Solutions to some known issues

Memory leaks in a DCGM cluster

Memory leaks may occur in a cluster that uses DCGM to manage GPUs. This issue can be avoided by setting the resources.limits parameter for the exporter pod. When the memory usage of the exporter pod reaches the limit, the exporter is restarted (usually once in a month). After the exporter pod is restarted, metrics can be collected as normal. However, metrics on the Grafana dashboard may become abnormal within a few minutes after the exporter is restarted. For example, the number of nodes may suddenly increase and change to the correct value in a few minutes. For more information, see The DCGM has a memory leak?

OOM errors in ack-prometheus-gpu-exporter

The ack-prometheus-gpu-exporter component in ACK clusters is deployed in the embedding mode of DCGM. In the embedding mode, DCGM consumes a large amount of memory and memory leaks may occur when multiple GPUs are used. In this case, if you run multiple processes on an instance to which multiple GPUs are attached and a small amount of memory is allocated to ack-prometheus-gpu-exporter, the exporter pod may be terminated by an out-of-memory (OOM) killer.

When this issue occurs, wait for the exported to be restarted. If this issue frequently occurs, you can manually increase the value of the limits parameter of the ack-prometheus-gpu-exporter DaemonSet in the arms-prom namespace.

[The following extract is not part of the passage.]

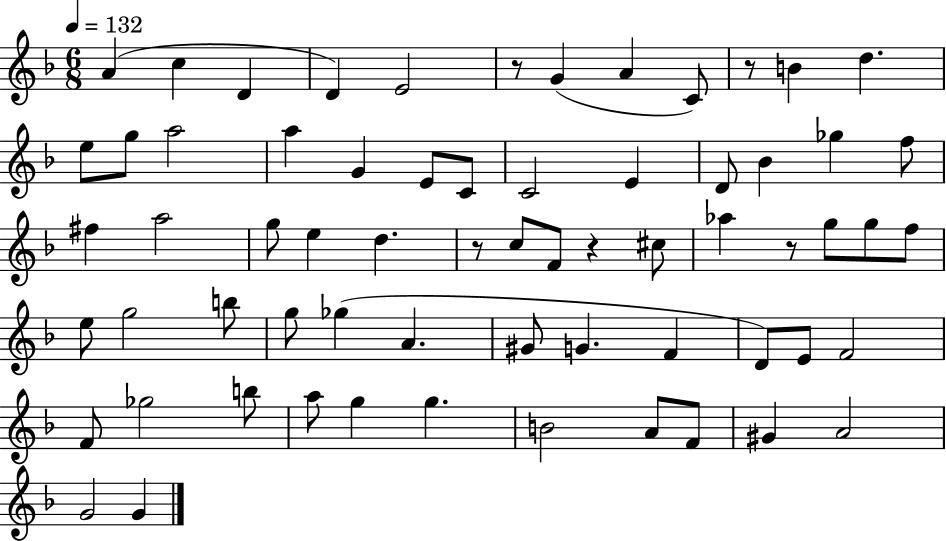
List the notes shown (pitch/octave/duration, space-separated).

Errors in the logs of ack-prometheus-gpu-exporter

The following error may be reported in the logs of the ack-prometheus-gpu-exporter pod:

failed to get all process informations of gpu nvidia1,reason: failed to get gpu utilizations for all processes on device 1,reason: Not Found

The cause may be that no task runs on the relevant GPUs. In this case, no GPU metrics of containers can be collected by ack-prometheus-gpu-exporter of earlier versions. This issue is fixed in the latest version of arms-prometheus. Update the component to the latest version to fix this issue.